Instellingen hebben de vrijheid om vanuit de lumpsumbekostiging middelen
te besteden aan onderzoek zolang dit de kwaliteit van het onderwijs ten goede
komt. Daarbij merk ik op dat praktijkgericht onderzoek bij bve-instellingen
het onderzoek naar de onderwijspraktijk behelst. Het feit dat lectoren in
het mbo met eigen middelen gefinancierd worden en er dus geen aparte financieringsstroom
is om lectoren in het mbo te stimuleren, maakt dat ik geen directe sturing
kan uitoefenen op de aanwezigheid van lectoren in het middelbaar beroepsonderwijs.
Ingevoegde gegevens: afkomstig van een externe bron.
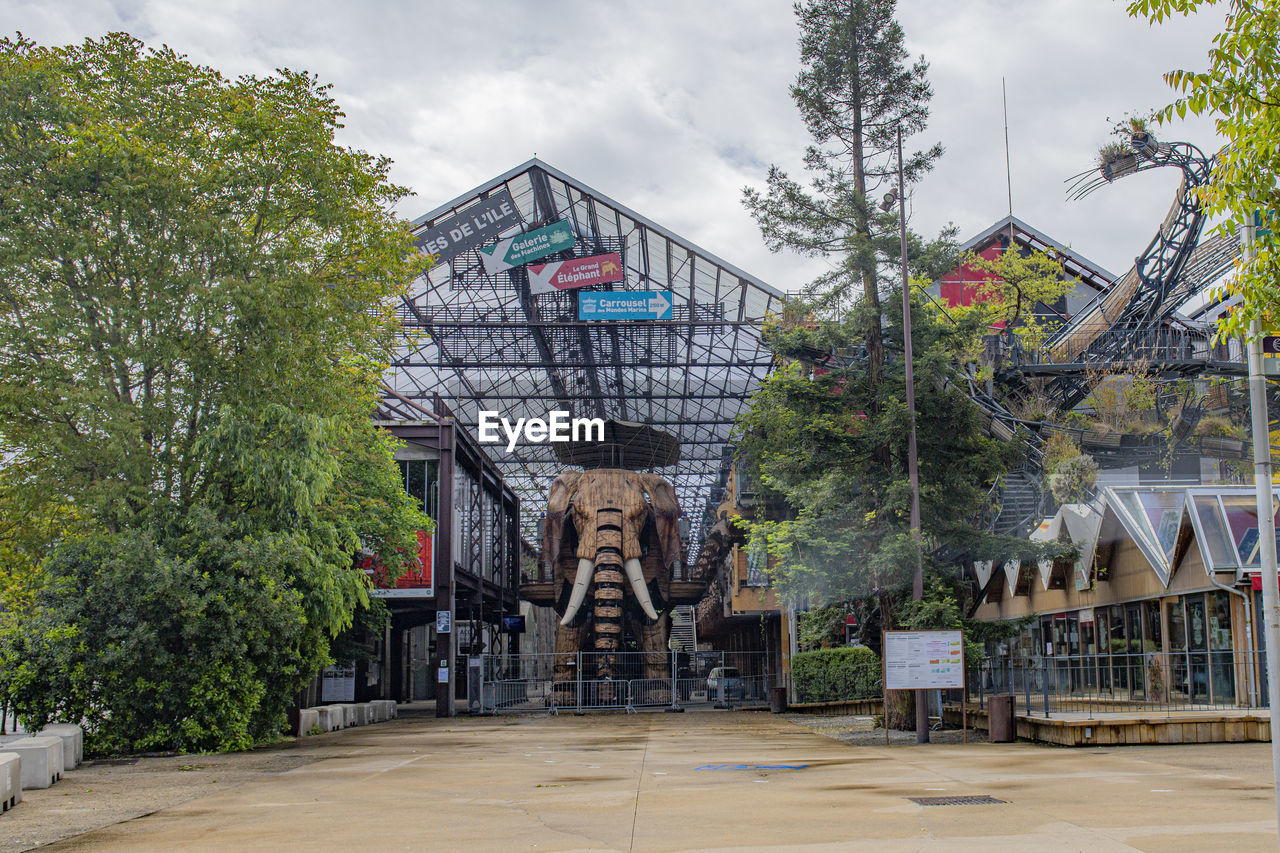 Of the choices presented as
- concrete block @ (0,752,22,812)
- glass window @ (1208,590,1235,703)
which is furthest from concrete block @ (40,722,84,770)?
glass window @ (1208,590,1235,703)

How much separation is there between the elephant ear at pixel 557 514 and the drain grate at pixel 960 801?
91.4 feet

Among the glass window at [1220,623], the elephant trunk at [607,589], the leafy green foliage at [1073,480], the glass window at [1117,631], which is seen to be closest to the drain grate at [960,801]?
the glass window at [1220,623]

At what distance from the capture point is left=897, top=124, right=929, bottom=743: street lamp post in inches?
736

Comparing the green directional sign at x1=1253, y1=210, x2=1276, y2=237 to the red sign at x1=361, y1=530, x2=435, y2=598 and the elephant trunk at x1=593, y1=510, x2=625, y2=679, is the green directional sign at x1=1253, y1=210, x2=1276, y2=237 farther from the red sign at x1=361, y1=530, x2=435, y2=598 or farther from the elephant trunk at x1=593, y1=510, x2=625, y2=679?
the red sign at x1=361, y1=530, x2=435, y2=598

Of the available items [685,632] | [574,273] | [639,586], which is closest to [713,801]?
[639,586]

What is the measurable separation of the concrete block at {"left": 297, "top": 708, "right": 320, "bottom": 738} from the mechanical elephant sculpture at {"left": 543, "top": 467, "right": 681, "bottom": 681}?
33.7ft

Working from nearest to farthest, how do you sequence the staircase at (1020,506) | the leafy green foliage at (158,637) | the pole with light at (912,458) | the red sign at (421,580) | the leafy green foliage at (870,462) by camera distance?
the leafy green foliage at (158,637) → the pole with light at (912,458) → the leafy green foliage at (870,462) → the staircase at (1020,506) → the red sign at (421,580)

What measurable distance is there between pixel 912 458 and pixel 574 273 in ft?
85.9

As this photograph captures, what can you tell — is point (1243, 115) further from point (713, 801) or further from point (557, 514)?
point (557, 514)

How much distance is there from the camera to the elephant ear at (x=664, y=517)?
129 ft

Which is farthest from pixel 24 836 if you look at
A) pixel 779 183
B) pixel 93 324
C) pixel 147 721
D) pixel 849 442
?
pixel 779 183

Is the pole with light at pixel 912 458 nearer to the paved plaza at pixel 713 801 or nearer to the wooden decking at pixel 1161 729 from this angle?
the paved plaza at pixel 713 801

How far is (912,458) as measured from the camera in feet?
64.8

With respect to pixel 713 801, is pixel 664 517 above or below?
above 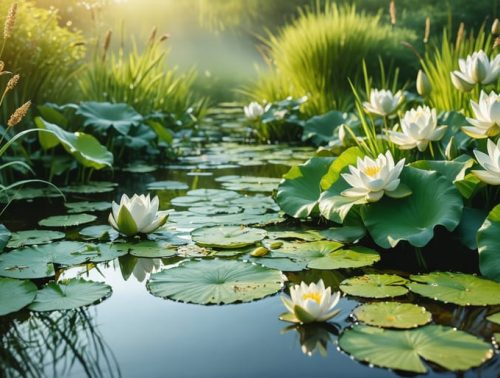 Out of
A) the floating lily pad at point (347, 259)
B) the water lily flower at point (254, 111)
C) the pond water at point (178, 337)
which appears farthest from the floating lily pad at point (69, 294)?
the water lily flower at point (254, 111)

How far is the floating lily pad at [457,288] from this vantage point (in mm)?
1523

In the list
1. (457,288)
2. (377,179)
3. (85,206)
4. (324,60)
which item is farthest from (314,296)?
(324,60)

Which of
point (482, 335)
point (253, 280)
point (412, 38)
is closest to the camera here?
point (482, 335)

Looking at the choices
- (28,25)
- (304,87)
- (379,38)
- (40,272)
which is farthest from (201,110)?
(40,272)

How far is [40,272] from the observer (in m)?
1.78

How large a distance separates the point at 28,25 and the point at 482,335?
3.34m

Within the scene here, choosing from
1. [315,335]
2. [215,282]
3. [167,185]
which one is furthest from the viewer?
[167,185]

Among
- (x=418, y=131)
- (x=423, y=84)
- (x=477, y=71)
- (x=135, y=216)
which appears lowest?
(x=135, y=216)

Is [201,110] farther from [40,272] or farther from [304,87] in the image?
[40,272]

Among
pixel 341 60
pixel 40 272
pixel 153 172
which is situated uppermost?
pixel 341 60

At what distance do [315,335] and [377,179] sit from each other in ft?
2.25

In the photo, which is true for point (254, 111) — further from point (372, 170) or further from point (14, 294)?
point (14, 294)

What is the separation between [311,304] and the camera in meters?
1.38

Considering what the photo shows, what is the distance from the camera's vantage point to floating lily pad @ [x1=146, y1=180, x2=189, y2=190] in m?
3.32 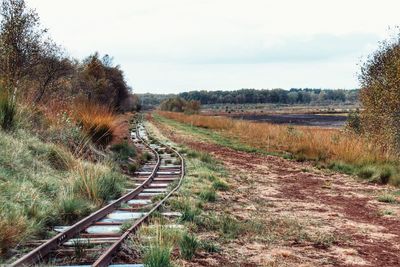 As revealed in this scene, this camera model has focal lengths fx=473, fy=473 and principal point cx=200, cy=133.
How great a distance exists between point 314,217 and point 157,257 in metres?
5.17

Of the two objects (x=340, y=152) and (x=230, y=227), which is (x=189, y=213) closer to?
(x=230, y=227)

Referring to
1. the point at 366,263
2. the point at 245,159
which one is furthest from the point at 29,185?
the point at 245,159

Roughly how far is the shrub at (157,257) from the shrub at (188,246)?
0.66 metres

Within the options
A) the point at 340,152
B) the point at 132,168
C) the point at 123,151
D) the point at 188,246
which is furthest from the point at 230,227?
the point at 340,152

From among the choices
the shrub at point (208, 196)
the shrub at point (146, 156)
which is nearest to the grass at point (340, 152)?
the shrub at point (146, 156)

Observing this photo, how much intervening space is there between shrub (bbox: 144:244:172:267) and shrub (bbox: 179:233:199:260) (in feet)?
2.16

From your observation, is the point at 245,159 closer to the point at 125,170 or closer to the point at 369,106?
the point at 369,106

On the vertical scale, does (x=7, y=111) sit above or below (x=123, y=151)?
above

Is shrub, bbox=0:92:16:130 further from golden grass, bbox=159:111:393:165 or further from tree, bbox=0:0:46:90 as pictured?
golden grass, bbox=159:111:393:165

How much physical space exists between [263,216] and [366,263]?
Result: 3.05 metres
Daarnaast worden de arbeidsvoorwaarden, waaronder het functiebouwwerk binnen
de bve-instellingen, vanaf 2002 decentraal vastgesteld. Organisatie-
en functievorming is hiermee een zaak van de instellingen; er kunnen vanuit
het Rijk geen functies voorgeschreven worden.
Als het enkel en alleen gaat om de term «lector» dan wil ik
erop wijzen dat de functie van lector niet een juridisch beschermd beroep
betreft. Om die reden ben ik niet in de positie om te verbieden dat de term
lector in het mbo gebezigd wordt.
Wel kan ik de zorg die in uw Kamer is geuit als het gaat om de intrede
van lectoren in het middelbaar beroepsonderwijs overbrengen aan de MBO-Raad.
In de sector zelf ligt de verantwoordelijkheid voor een goede kwaliteitsborging
van de functie van «lector» in het middelbaar beroepsonderwijs.